LONDON (Feb 27): Sterling fell broadly against major currencies on Monday, as the prospect of another Scottish independence vote and signs a major merger was unlikely to go through renewed fears about Britain's future as it prepares to leave the European Union.
A report in the Times newspaper said British prime minister Theresa May is preparing for Scotland to call a fresh independence referendum in March. The Telegraph newspaper meanwhile reported that May is planning to curb freedom of movement for EU citizens as soon as she triggers Article 50 — Britain's formal notification to leave the European Union.
The London Stock Exchange on Sunday all but ended a planned merger with Deutsche Boerse by ruling out meeting a European anti-trust demand, saying it has strong prospects alone.
Sterling slid by as much as 0.7% to US$1.2384, its lowest in nearly a fortnight. It last traded down 0.3% at US$1.2431. It also fell 0.5% to 85.15 pence per euro.

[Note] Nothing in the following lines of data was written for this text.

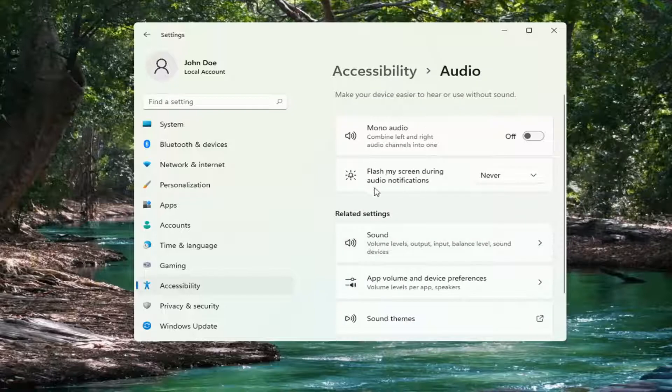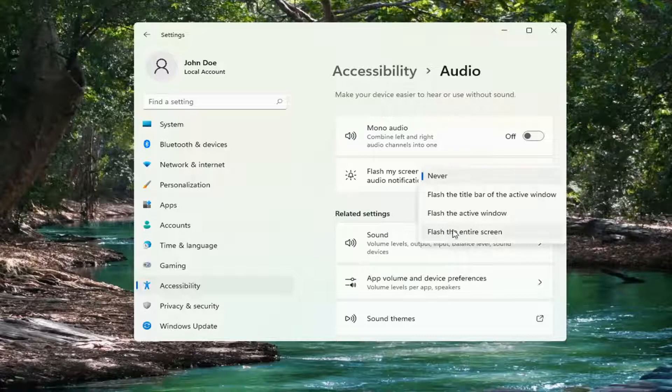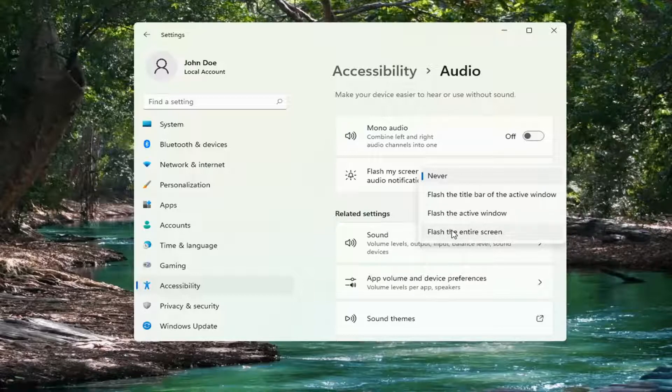Flash my screen during Audio Notifications. Click the dropdown and then you can select Flash the entire screen, Flash the active window, or Flash the title bar of the active window. So it gives you guys a few different options there.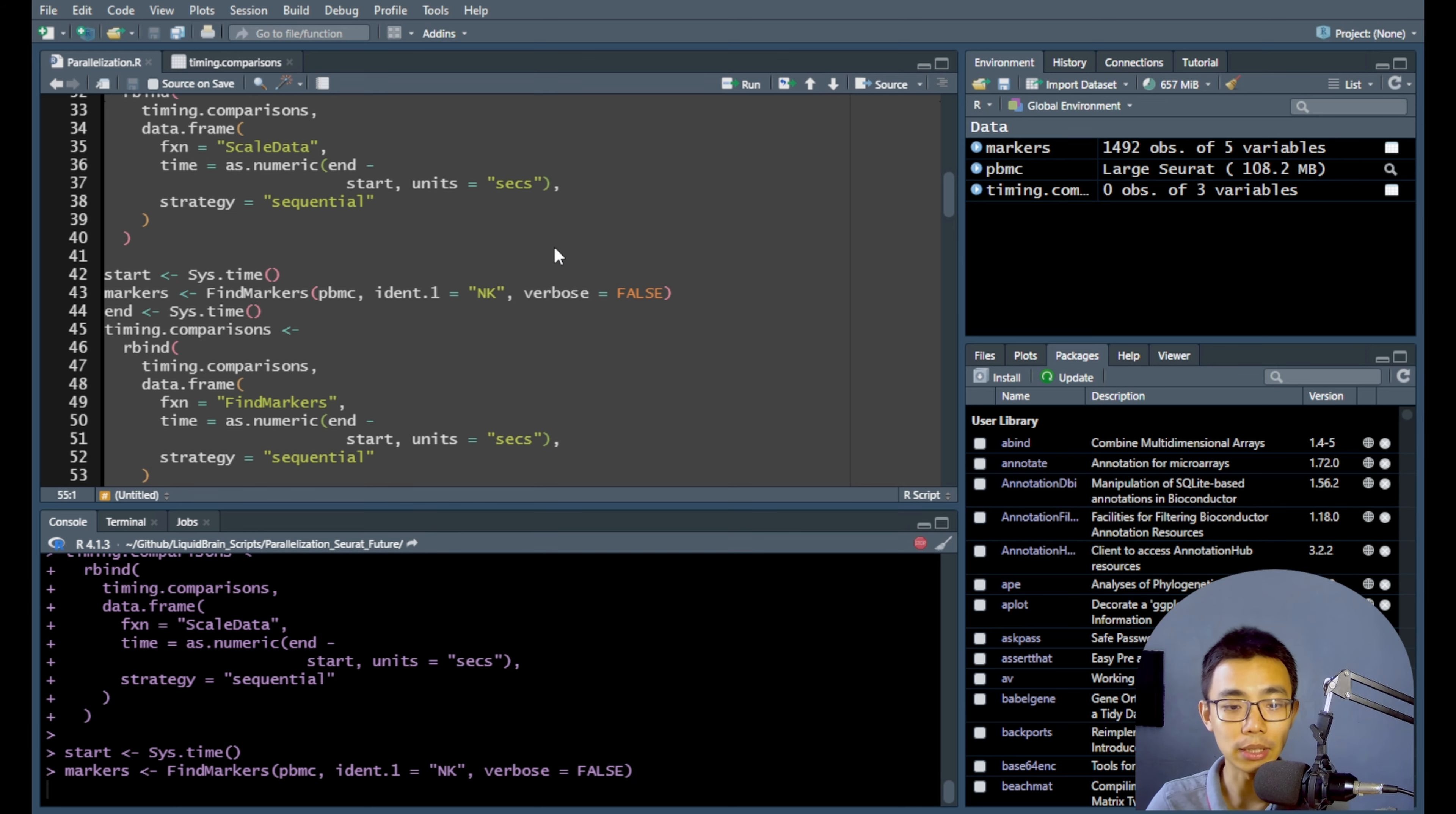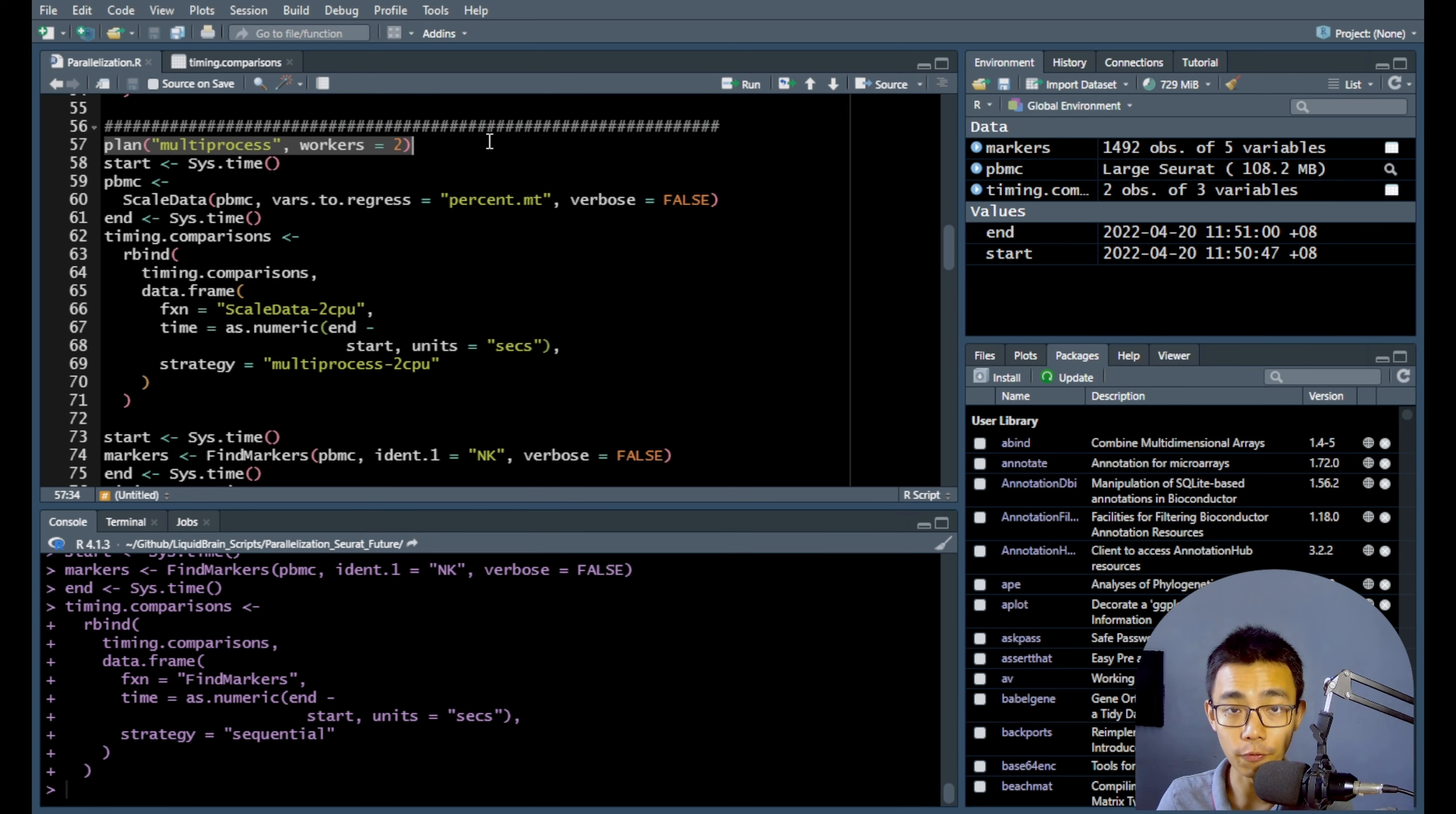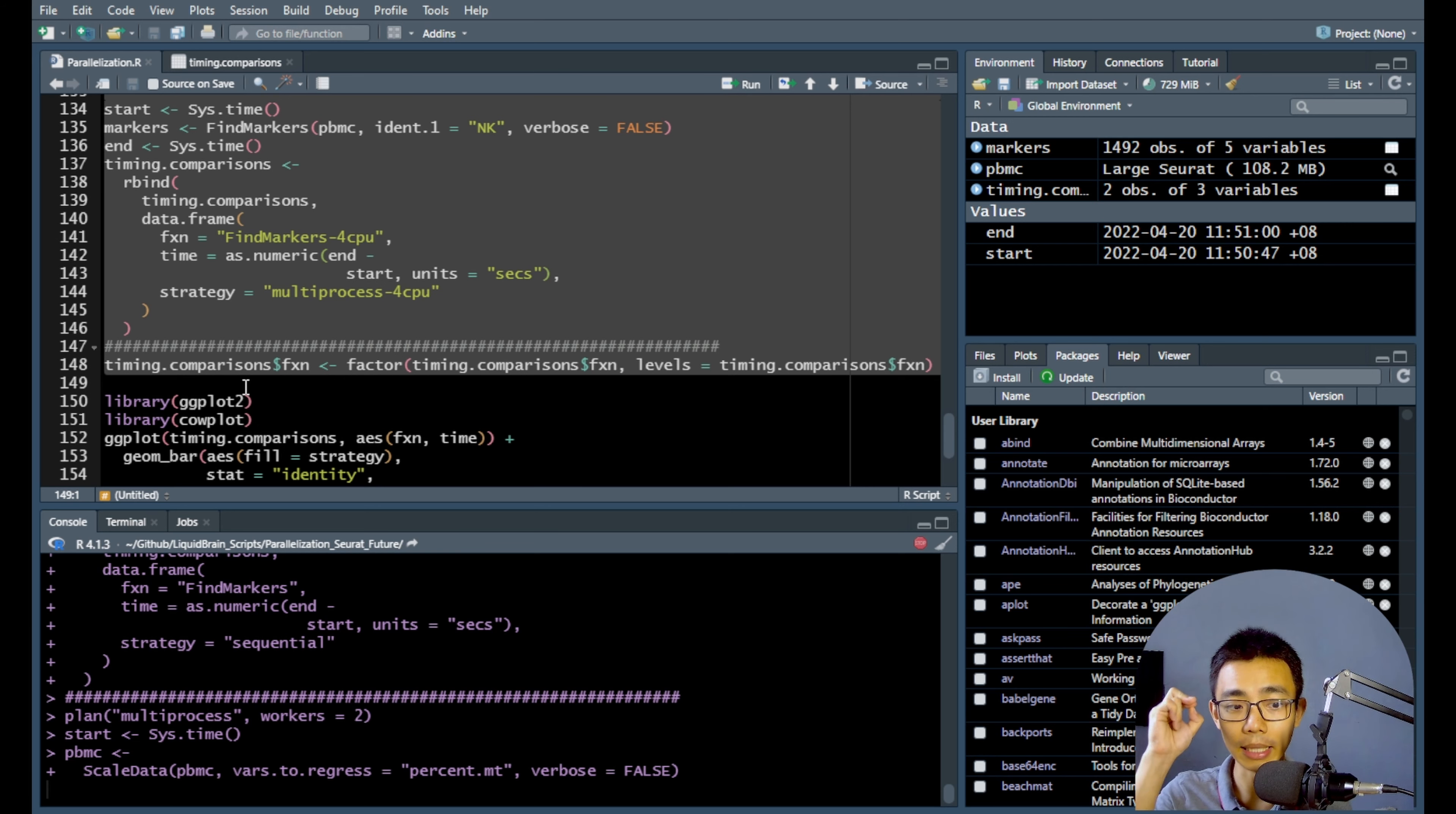So this is, of course, the sequential data and for the multi-threaded data from two cores to four cores, it's basically the same code four times, just changing the plan to multi-process with the worker of two, three, and four. Okay, so let's just actually run the two, three, and four and we should be able to do this. Okay, this will take a while. So maybe I'll just cut this here and we'll come back in a second.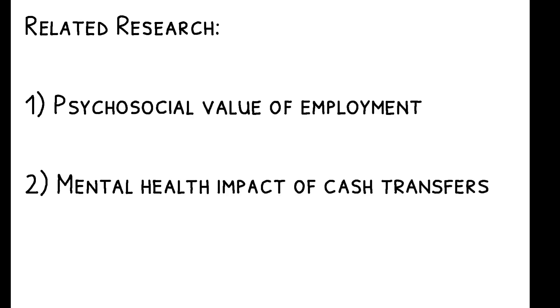To read more on this topic, you can check out the paper's references to other related work. This includes research on the psychosocial value of employment, the mental health impact of cash transfers, and a growing set of papers engaged with refugee populations.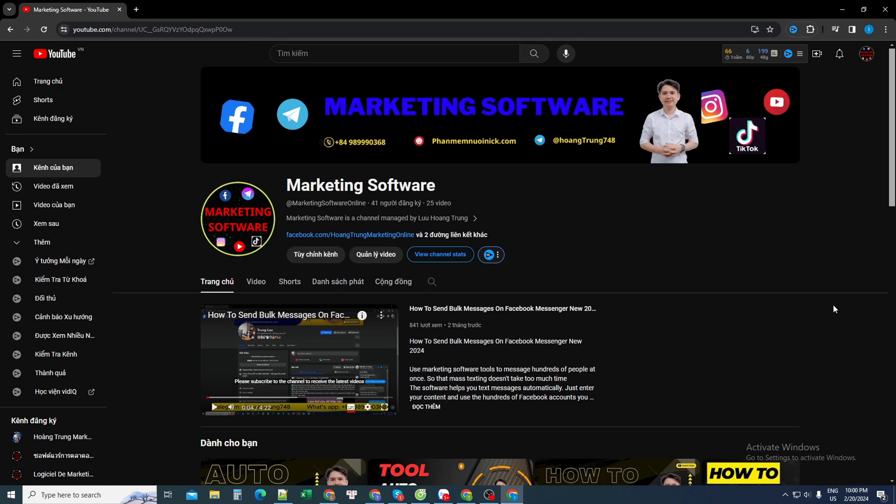Hello all of you. Today the marketing software channel is back to share with everyone how to get the friends list of any personal Facebook account and transfer it to an Excel file.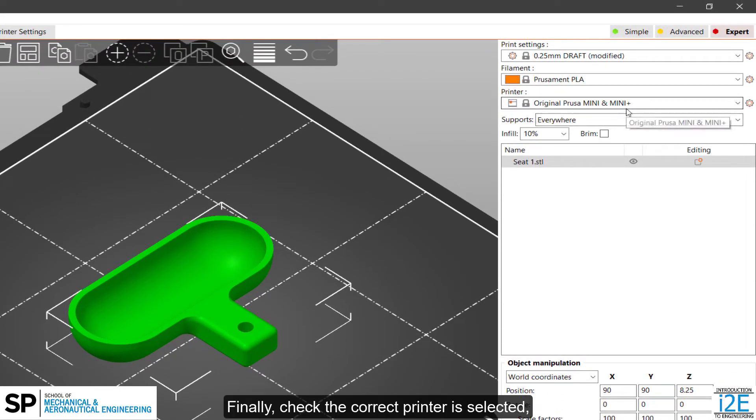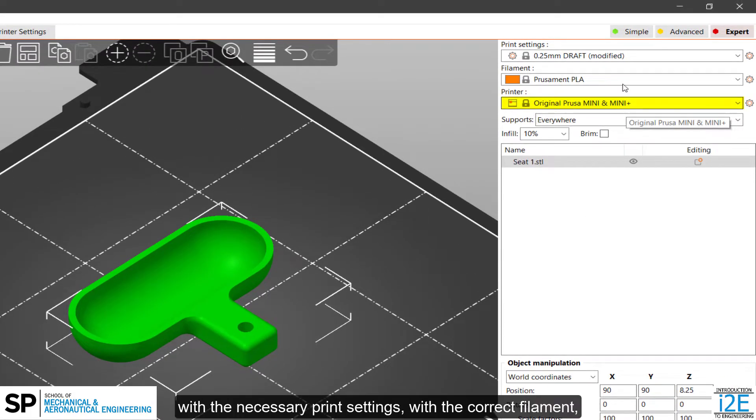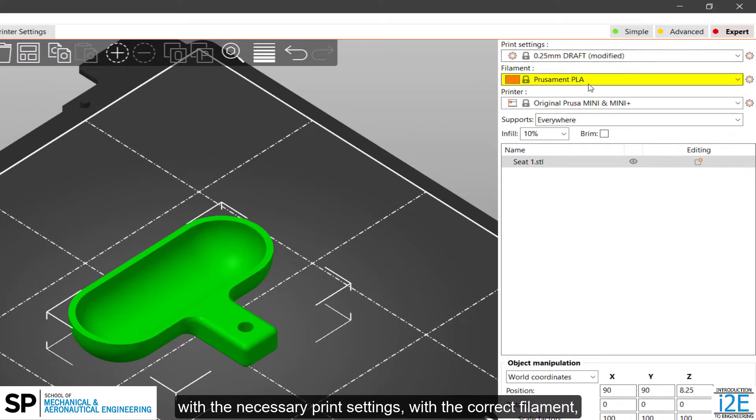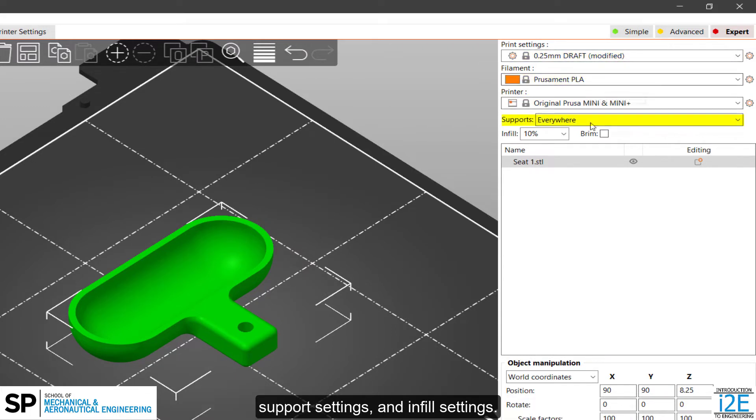Finally, check the correct printer is selected, with the necessary print settings, with the correct filament, support settings, and infill settings.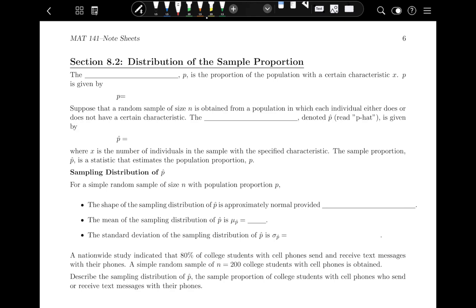The population proportion P is the proportion of the population with a certain characteristic X, and is given by P equals X over capital N. This is simply the percentage of the population written as a decimal that has a certain characteristic.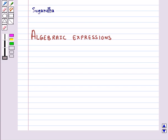Hello and welcome to the session. In this session, first we will discuss about algebraic expressions.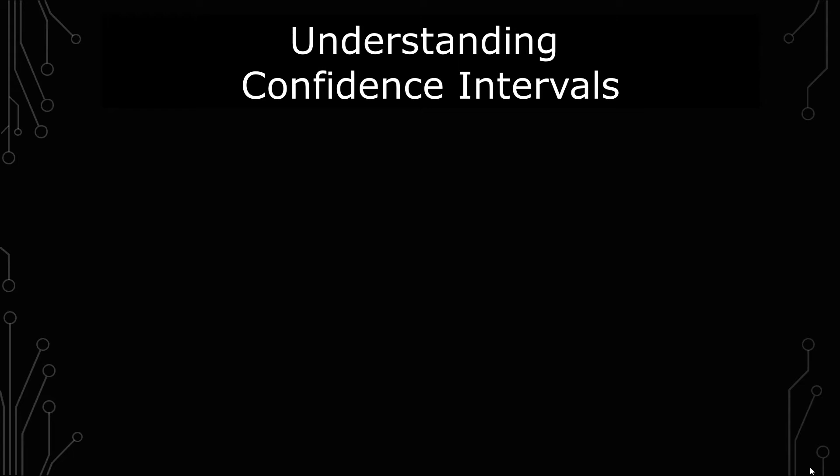Confidence intervals are really important to understand. If you're just learning about them, this is the video for you.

"One of the reasons [sterling is down], is the announcement that the merger between LSE and Deutsche Boerse may be off the table and I think that's flagged sentiment," said Richard Cochinos, European head of G10 currency strategy at Citi.
An adviser to the devolved Edinburgh government said last week that it is increasingly convinced it can win a new independence referendum and is thinking seriously about calling one next year as Britain leaves the EU.
The pound had its strongest week last week since January on Friday, as a lack of major domestic developments in Britain saw investors' attention drawn to the US economy and European politics, giving sterling some respite.
"On top of soft data from the UK recently ... these fresh signals of a 'hard Brexit' and the risk of another Scottish referendum, enhances our view that the broader outlook for sterling remains negative," analysts from retail broker IronFX said in a note to clients.
"Our favorite proxy for any potential sterling softness in the foreseeable future is still sterling/yen, considering that the looming political risks in Eurozone could strengthen the yen due to its safe haven status."